- Religion and Philosophy
The Custom of Covering Knives at Birkat Hamazon
What is Birkat Hamazon?
Birkat Hamazon is the Jewish Grace After Meals. The literal translation of Birkat Hamazon is Blessing on Nourishment. Birkat Hamazon is made up of a set of blessings that thank G-d for various things including food, the land of Israel, Jerusalem and G-d's goodness. According to Jewish law, after a meal that included bread, one is required to say Birkat Hamazon. The prayer is found in Jewish prayerbooks or in special booklets that only contain Birkat Hamazon called Birkonim.
On the Jewish day of rest, Shabbat, which is on Saturday, and on Jewish festivals, there are special breads that are eaten called Challot. The Challot are placed on a special Challah board and cut with a specially designated Challah knife. There is a custom to remove knives from the table before the recital of Birkat Hamazon, including the Challa knife.
What is the source for this custom?
There are two explanations offered for this custom
- The commentator Rokeach explained that it is based on the idea that a table in Judaism is compared to an altar. In the same way that one may not place metal on an altar (because it can be formed into a weapon that shortens man's life and altars lengthens man's life), so too we remove knives once they have no use from the table before we bless G-d.
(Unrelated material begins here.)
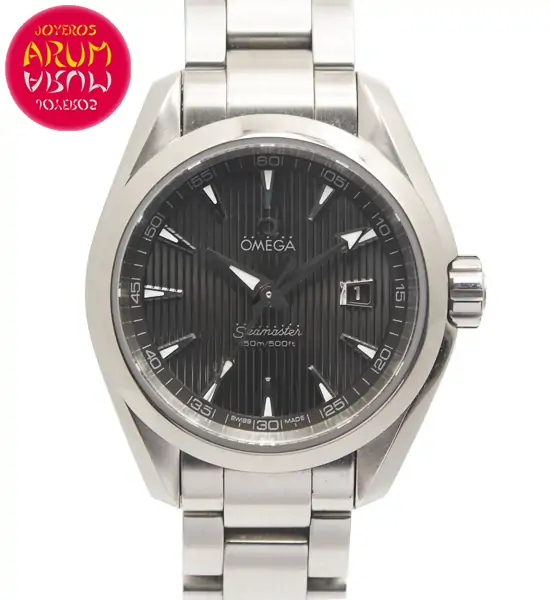 Omega Seamaster 29 mm Shop Ref. 4638/1260 "SOLD"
- The commentator Shibolei HaLeket quotes Rabbi Simcha who tells of a Jew who once said Birkat Hamazon and on reaching the blessing that requests from G-d that He rebuild Jerusalem, he was so overcome by the destruction of Jerusalem that he took a knife from the table and stabbed himsexlf. Since then, the custom has been to remove knives from the table before Birkat Hamazon. Unfortunately, to many of us today, this reason seems absurd- who really feels the destruction of Jerusalem so deeply today that they would be compelled to stab themselves?! In truth, this is a sad reflection of the lack of sensitivity that we have today for the matter
There are also a number of commentaries who show that there is room for leniency regarding this custom but perhaps the custom of covering knives is just what our generation needs to heighten our sensitivity to the holiness of the table, Birkat Hamazon and our not-yet-rebuilt-Jerusalem.